Friday, May 2, 2008

The Discovery

(a piece of music)

INGREDIENTS:

2 violins
2 violinists
4 timpani
2 stools
2 shy children
1 microphone on a stand
30 woodblocks played by MIDI-controlled devices
1 french horn
1 large oxygen cylinder
1 tape recorder
1 giant castle set constructed by Rob Witmer

EXECUTION:

1.) Lights up on 2 violinists, who begin playing a canon duet that grows in complexity and dischord.

2.) 2 shy children peek from behind the curtain. They whisper to each other, continually venturing onstage then retreating backstage as 4 timpani descend from the rafters.

3.) A spotlight bleats on, exhibiting a french horn connected to a large oxygen cylinder. The audience laughs.

4.) The timpani rest silently on the stage floor. The violin duet grows menacing. Giggling from the children backstage.

5.) The audience laughs again, though nothing has happened.

6.) The children reluctantly emerge, each with 2 mallets. One crawls onto a stool placed between 2 of the timpani. The other approaches the microphone stand and spends 1 full minute adjusting the stand height. The child speaks into the microphone: "There were 3 ships. It was raining. No one knew who they were...the men rowing to the shore. It was pretty scary." The child scampers hastily to the second stool positioned behind the other 2 timpani.

7.) An awkward note blurts from the french horn, courtesy of the oxygen tank. No one laughs. The violins stop.

8.) From pure silence, the 2 children begin playing the 4 timpani very tentatively. They have no prior percussive experience. Slowly, they begin to crescendo and play more rapidly.

9.) As the timpani sounds increase, the child's voice is heard as if amplified, though no one stands at the microphone: "There were 3 ships. It was raining. No one knew who they were...the men rowing to the shore."
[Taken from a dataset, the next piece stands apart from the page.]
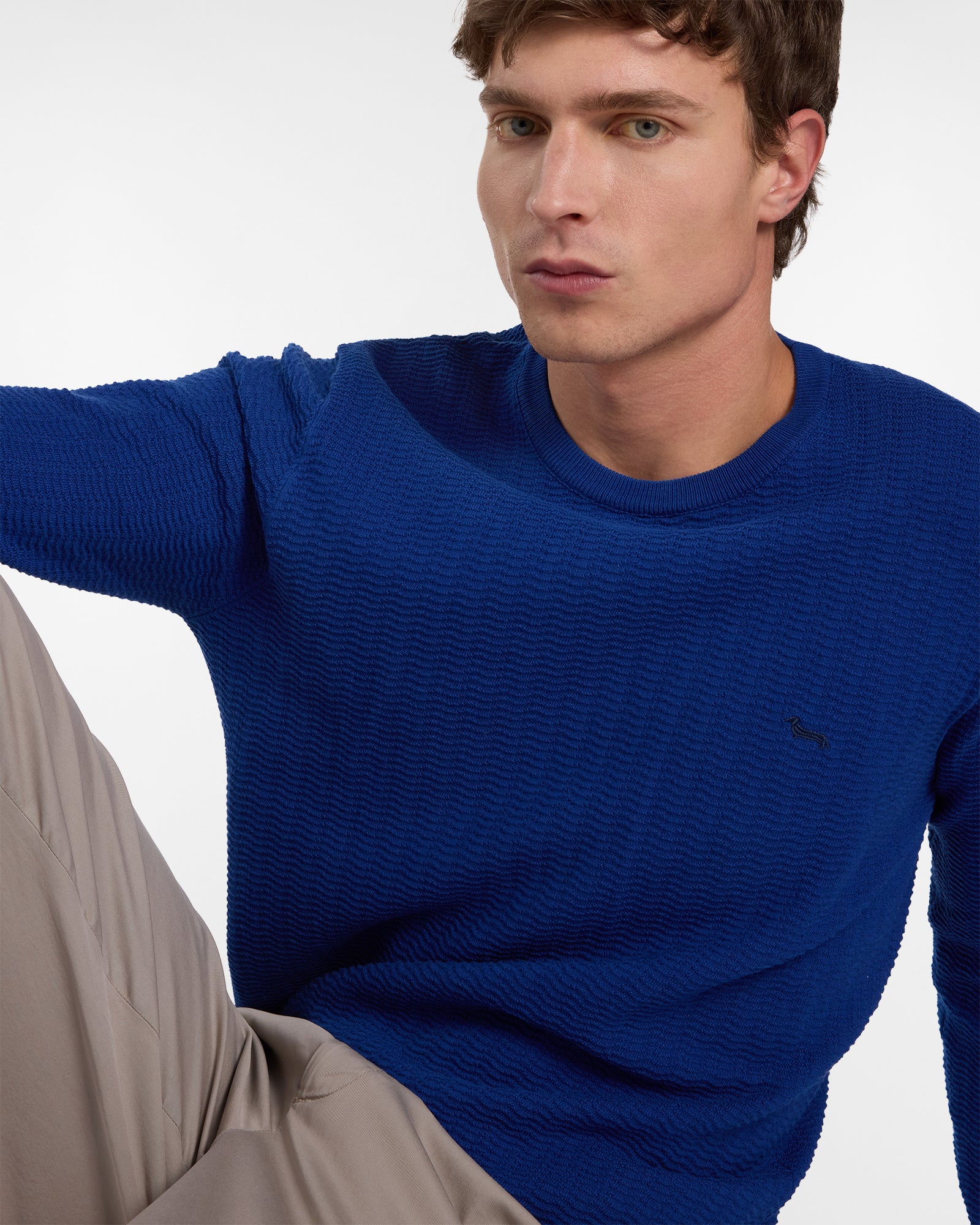 Pullover girocollo lavorazione 3D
10.) The french horn blurts out another note. A tape recorder falls from the rafters onstage and smashes into pieces. It still manages to play its tape, though greatly distorted: the sound of audience laughter.

11.) The 2 violinists begin playing again. Suddenly, 30 woodblocks operated by MIDI-controlled devices break into an unbearable cacophony. Over the noisescape, the child's disembodied voice is heard again: "It was pretty scary."
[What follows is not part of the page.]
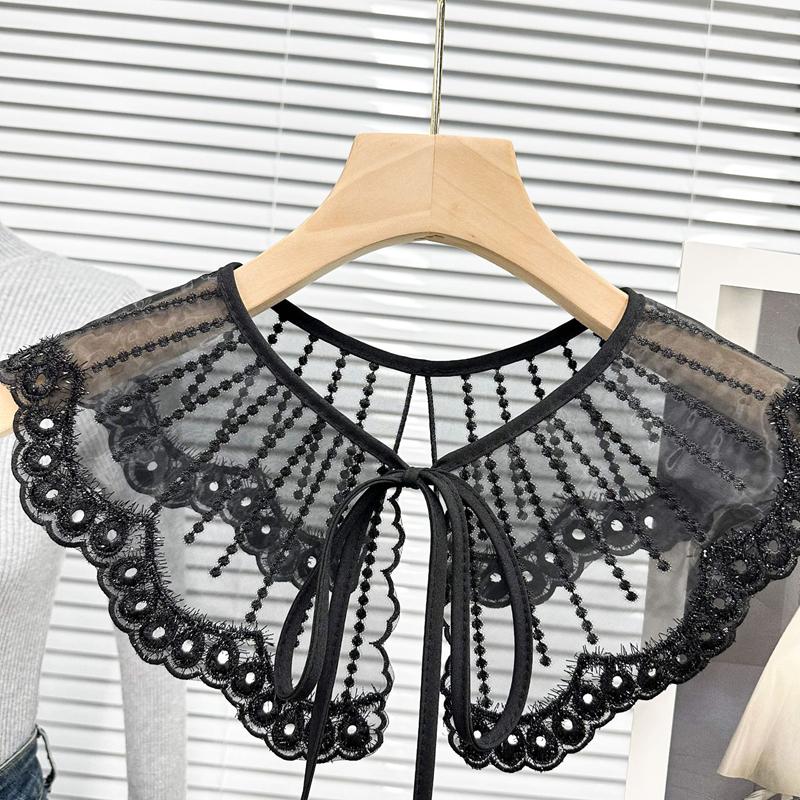 Black Hollow Out Embroidery Fake Collar Removable Shawl Sweater Skirt Sweet Decorative Collar Clothes Accessories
12.) The 4 timpani begin to rise back into the rafters with the 2 children still playing. Once they are out of sight, a massive castle set crashes thunderously onto the stage. All sound stops. Dust clouds swirl. After 10 minutes, the lights begin to fade. It takes half an hour before they reach black.

3 comments:

Anonymous said...

Ceci n'est-ce pas un comment.

Anonymous said...

Where do you want us to park this dump truck full of grant money?

Anonymous said...

13) Rob Witmer climbs out of the castle wreckage, dusts off his tuxedo. He's holding a martini. He begins walking off stage and right before he leaves the stage, he stops and says, "Hey! Who put this wall here?" Almost inaudibly, Willie Nelson's Hello Walls is playing on a loop for 1000 years.